Monday, March 17, 2014

Tobit, Chapters 1 & 2: There's a body in your duck pond, there, Anna

Chapter 1

Tobit was taken captive by the Assyrians, but remained pious and gave all he had to his family. At some point when he's a kid, everyone goes to see King Jeroboam's golden calves, but he runs off to Jerusalem to make sacrifices at the temple for the next 3 years.

When he grows up, he marries Anna and has a son, Tobit Jr., who he indoctrinates from infancy. Then they're taken captive and enslaved by the Ninivians, who don't follow Jewish dietary practices, but he insists on keeping kosher. This somehow endears him to King Salamansar, who gives him free reign, which of course he uses to harangue his fellow enslaved Israelites.

One day he's in the city of Rages and he happens to have 10 talents of silver burning a hole in his pocket. He sees one of his tribesmen is in need and gives him the money.

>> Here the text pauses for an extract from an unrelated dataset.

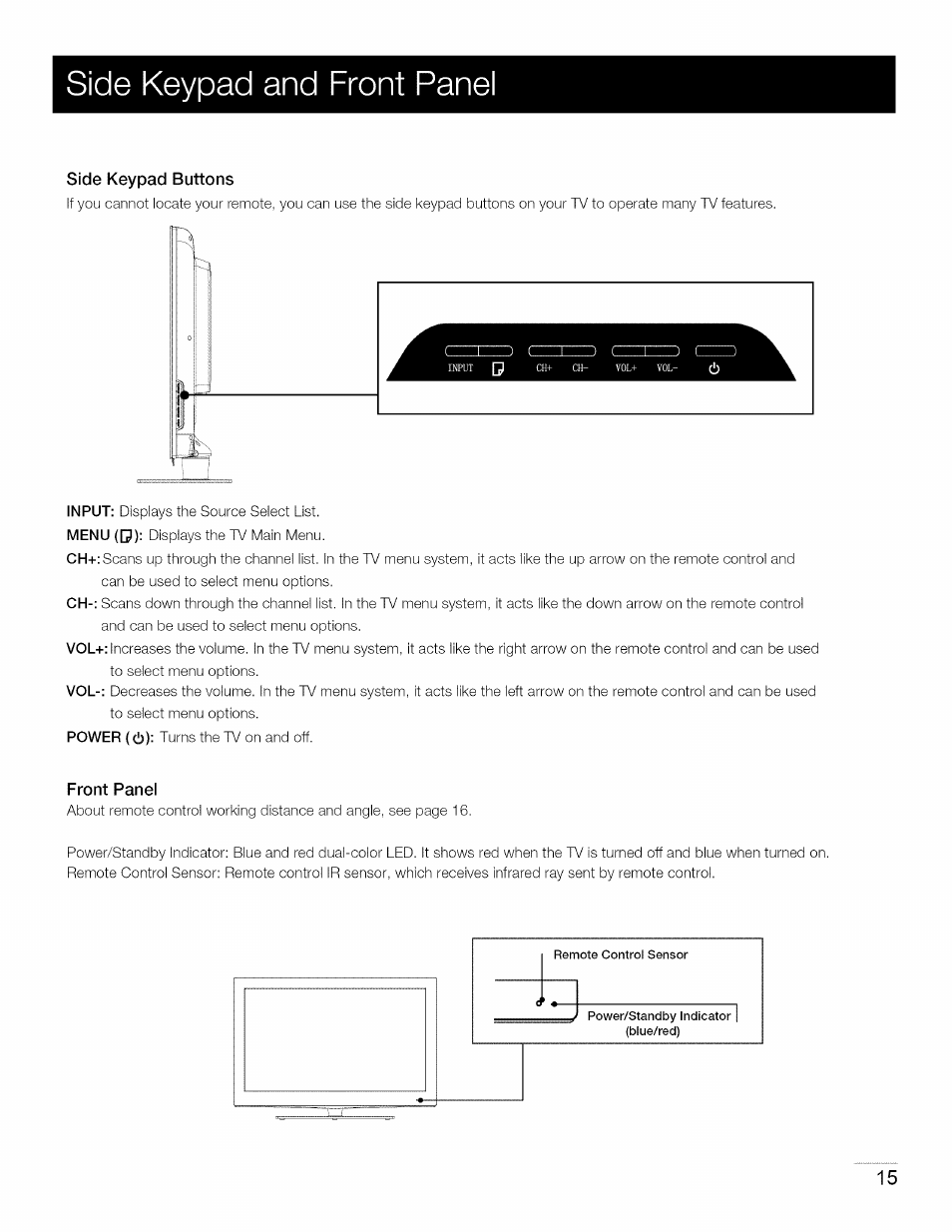 Side keypad buttons, Front panel, Side panel buttons | Side keypad and front panel | RCA 40LA45RQ User Manual | Page 16 / 40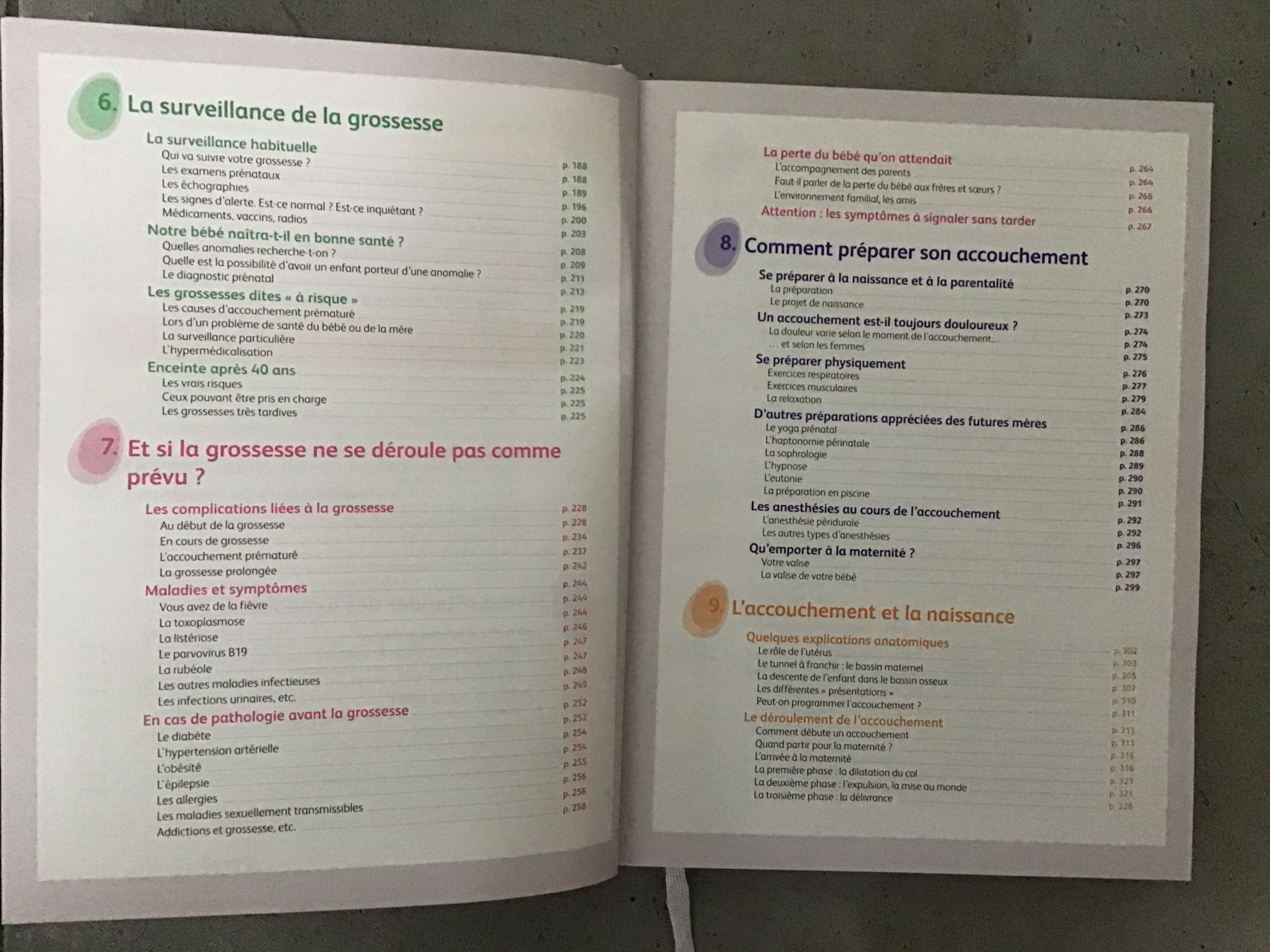 Pré-visualisation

Some later year, which is exactly how vague the bible is about dates, Salamansar dies and his son Sennacherib takes over. Sennacherib is a raging anti-Semite, but he does not reign in Tobit, who continues to go around distributing clothes and food to the needy and burying the dead. In fact, Sennacherib is too busy conquering Judea, until god gets pissed off at him and he flees. When he arrives back in Ninive, where, to assuage his humiliation, he kills a bunch of Israelites. Tobit buries them, which further enrages Sennacherib, who orders him dead and takes away everything, including his clothing, so that Tobit, Anna, and Tobit Jr. end up running away naked and hiding in a ditch. 45 days later, Sennacherib's sons kill him, at which point Tobit comes back and is able to reclaim his house and his pants. Fascinating. I can see why the Apocrypha were left out.

Chapter 2

At some point, Tobit is having a dinner prepared in his house. The fact he's not doing it himself leads me to believe that the dude who has already been enslaved twice has not learned a thing from his experience. Anyway, he tells his son to go round up some guests for the feast, but his son comes back right quick to report that an Israelite has been killed in the street. Tobit leaped up from his place at the table, and left his dinner, and came fasting to the body (v. 3). Like, dude, you do NOT get to stop eating for an hour and call it a fast like you're some kind of champion saint, okay? Anyway, he collects the body and hides it, intending to bury it after dark and the fact that this is emphasised so much is making me wonder if it's a fetish, especially when the book describes him just sitting there with a dead body, eating bread. At sunset, he buries the body.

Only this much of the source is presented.